[Data Boundary: Start]
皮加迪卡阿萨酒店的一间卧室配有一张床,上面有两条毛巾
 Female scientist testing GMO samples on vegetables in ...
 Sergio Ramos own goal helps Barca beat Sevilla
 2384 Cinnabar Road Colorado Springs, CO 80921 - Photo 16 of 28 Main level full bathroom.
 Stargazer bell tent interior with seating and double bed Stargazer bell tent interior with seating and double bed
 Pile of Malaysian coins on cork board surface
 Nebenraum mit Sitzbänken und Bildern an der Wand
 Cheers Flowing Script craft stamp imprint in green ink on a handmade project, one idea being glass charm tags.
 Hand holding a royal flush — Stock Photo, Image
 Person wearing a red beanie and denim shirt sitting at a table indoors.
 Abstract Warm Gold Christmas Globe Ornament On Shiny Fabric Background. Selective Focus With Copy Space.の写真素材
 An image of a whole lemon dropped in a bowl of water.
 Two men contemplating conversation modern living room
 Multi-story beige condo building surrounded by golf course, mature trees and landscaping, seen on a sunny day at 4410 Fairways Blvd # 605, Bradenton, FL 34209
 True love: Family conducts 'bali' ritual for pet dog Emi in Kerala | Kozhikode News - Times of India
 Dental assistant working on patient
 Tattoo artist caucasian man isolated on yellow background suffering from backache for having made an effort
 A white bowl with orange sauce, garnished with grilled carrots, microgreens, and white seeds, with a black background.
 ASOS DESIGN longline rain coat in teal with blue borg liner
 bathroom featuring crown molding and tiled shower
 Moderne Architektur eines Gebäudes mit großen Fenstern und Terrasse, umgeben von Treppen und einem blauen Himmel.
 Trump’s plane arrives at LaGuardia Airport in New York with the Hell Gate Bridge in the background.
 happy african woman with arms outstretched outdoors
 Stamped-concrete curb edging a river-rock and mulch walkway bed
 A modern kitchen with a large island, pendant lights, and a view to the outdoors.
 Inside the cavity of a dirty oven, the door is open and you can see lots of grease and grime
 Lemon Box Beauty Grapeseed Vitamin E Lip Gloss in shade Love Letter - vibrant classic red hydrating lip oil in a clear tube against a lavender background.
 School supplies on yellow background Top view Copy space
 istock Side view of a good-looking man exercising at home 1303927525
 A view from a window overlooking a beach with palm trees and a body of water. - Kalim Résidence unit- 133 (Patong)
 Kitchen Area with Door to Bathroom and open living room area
[Data Boundary: End]
Exercise objective: Wherever the string "outdoors" appears in the entries above, list that line.

Exercise answer:
 happy african woman with arms outstretched outdoors
 A modern kitchen with a large island, pendant lights, and a view to the outdoors.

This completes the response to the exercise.